As expected, the highest level of MSI-high was seen in small bowel cancer (25%), followed by endometrial, colorectal, and gastric cancer (16%, 14%, and 6%, respectively), Dr. Stadler said.
“High frequency MSI was also seen in a number of other tumors as suggested by other papers previously,” she noted.
LS was present in 16.3% of MSI-high tumors vs. 1.9% of MSI-indeterminate (moderate MSI level) tumors, and 0.3% of microsatellite stable (MSS) tumors, she added.
Additional tumor evaluations, including immunohistochemical staining for the mismatch repair genes, were also performed.
“Our analysis corroborated the finding that in these Lynch patients, the MSI-high and MSI-indeterminate tumors were caused by Lynch Syndrome. This is in contrast to our Lynch Syndrome patients with microsatellite stable tumors; their tumor signature suggested that the Lynch Syndrome did not cause these cancers,” she said. “In fact, the prevalence of Lynch Syndrome in the MSS cohort of 0.3% is equivalent to the presence of Lynch Syndrome in the general at-large population.”
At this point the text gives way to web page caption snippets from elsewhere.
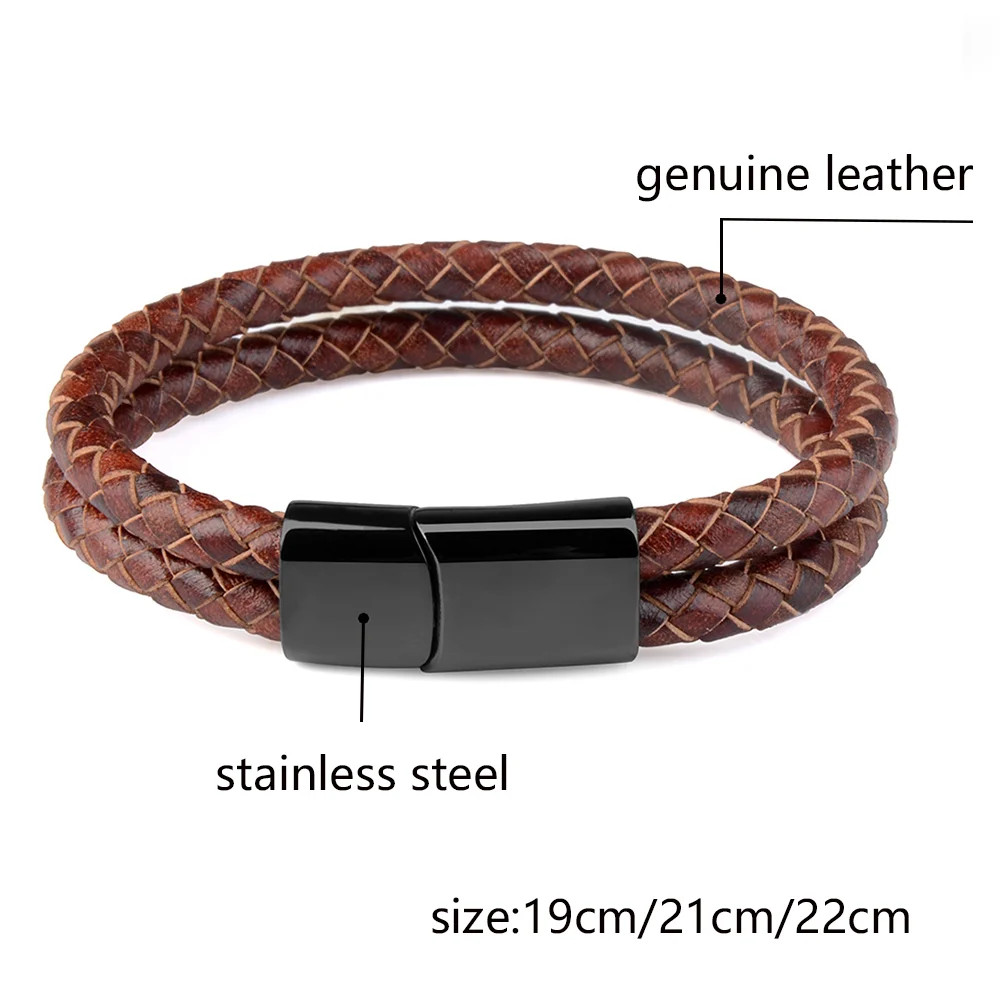 Genuine Leather Double Rope Braid Bracelet For Men Multicolor Choice
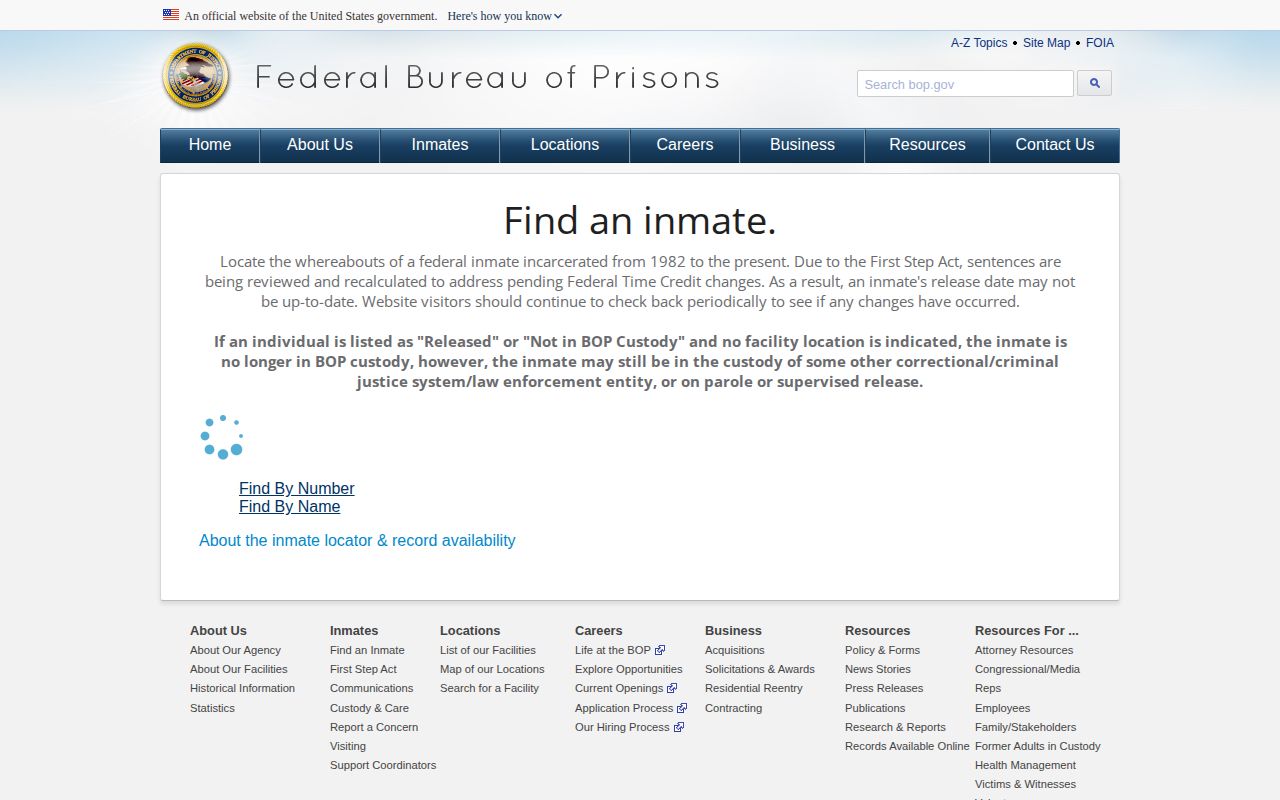 BOP federal release locator for a Logan County custody check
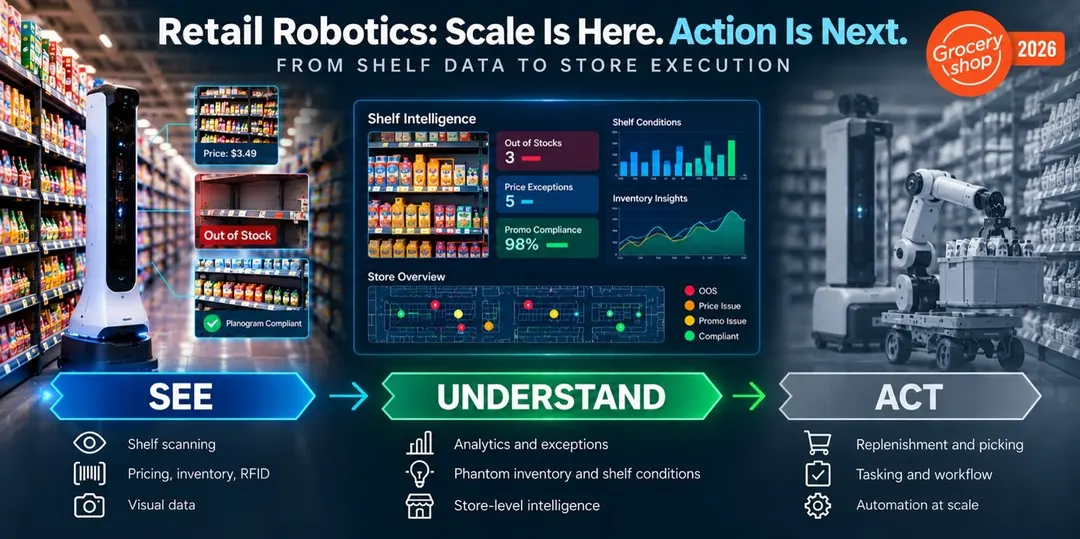 Groceryshop 2026: Simbe scales to 3,000 Tally robots as Badger and MUSE expand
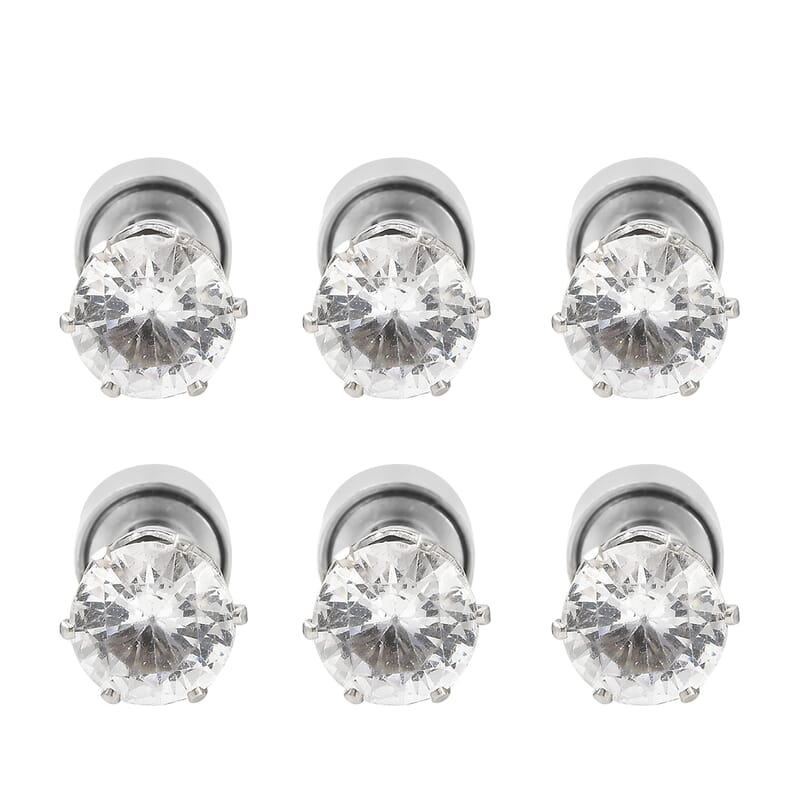 Set of 3 White Austrian Crystal White, Ruby and Sapphire Color LED Stud Earrings in Silvertone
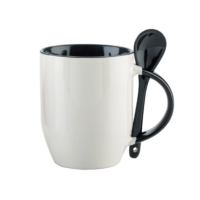 Mug Color Negro Y Cuchara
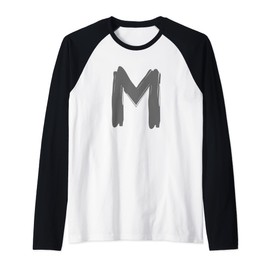 Creative Bold Dark Grey Letter M - Alphabet - Marker Design Raglan Baseball Tee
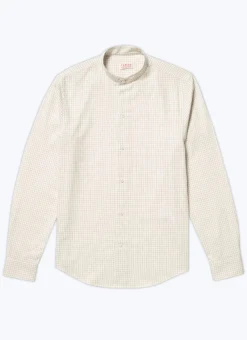 Fursac Brushed Cotton Shirt With Grandad Collar Ecru - Black Checks Best Sale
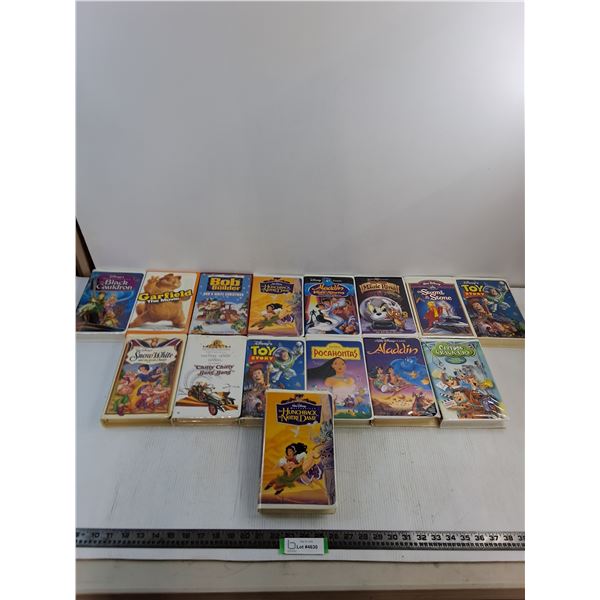 (15) VHS Mostly Disney Movies (Garfield, Snow White, Toy Story)
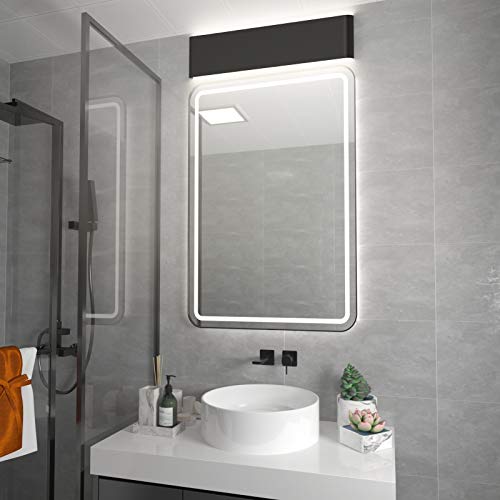 Image of Aipsun 24in Remote Control Dimmable Modern Black Vanity Light Fixtures Color Temperature Adjustable LED Bathroom Light Fixture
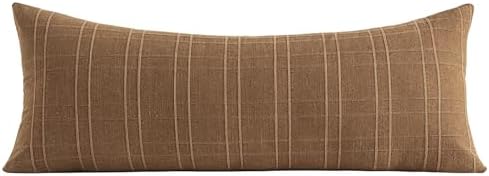 MIULEE Long Lumbar Throw Pillow Cover 14x36 Soft Linen Check Decorative - Image 6
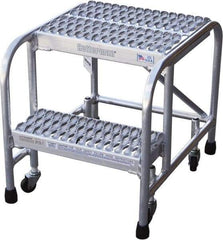 Cotterman - 20" 2 Step Rolling Warehouse Ladder - Rolling Safety Ladder, 350 Lb Capacity, 20" Platform Height, 18" Base Width x 23" Base Depth, Serrated - Americas Industrial Supply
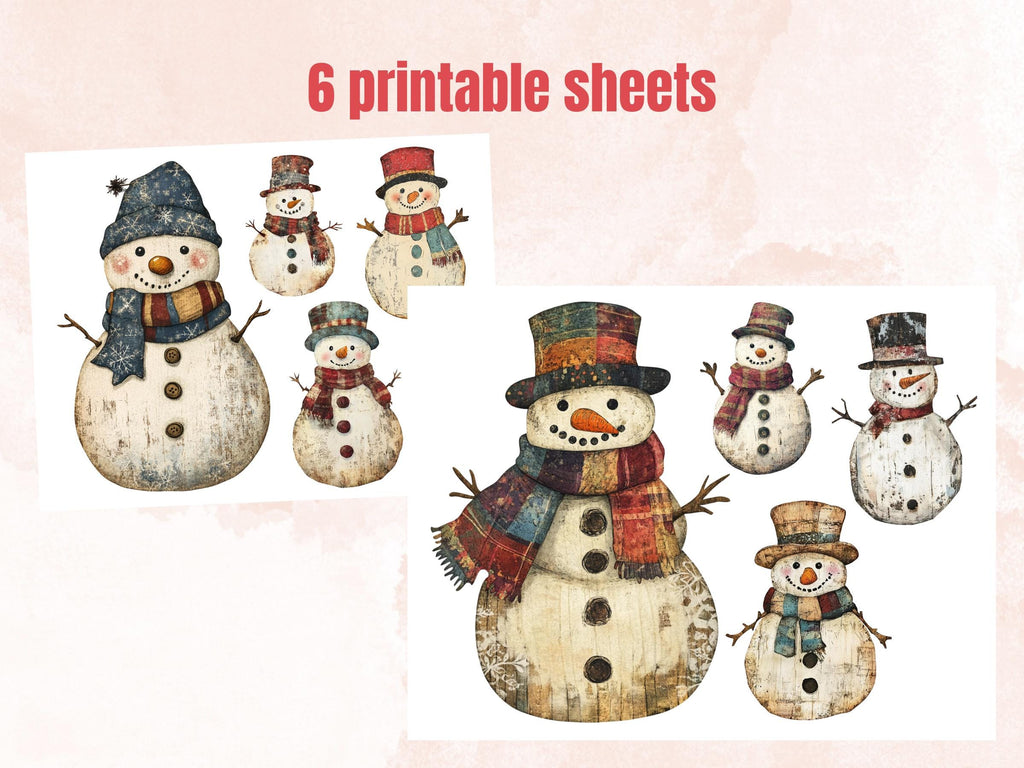 Christmas Snowman Clipart: Mixed Media Collage Sheets (PNG + JPG Digital Download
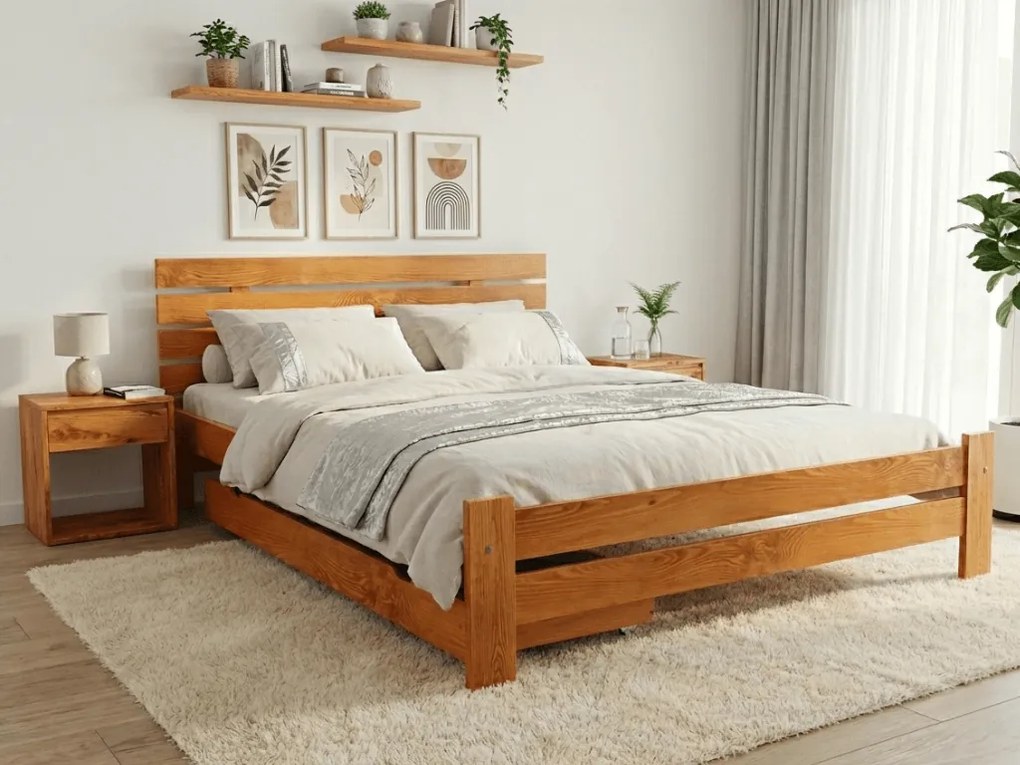 PARIS magasított ágy 140x200 cm, égerfa Ágyrács: Léces ágyrács, Matrac: Coco Maxi 20 cm matrac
Of note, 50% of LS patients with MSI-high and indeterminate tumors had cancers other than colorectal or endometrial cancer, including prostate, sarcoma, mesothelioma, adrenocortical carcinoma, and ovarian germ cell carcinoma, which have been rarely or not previously associated with LS, and 45% of those patients did not meet clinical testing criteria for LS and would not have undergone LS testing.
This finding underscores the previously unknown heterogeneity of the phenotype.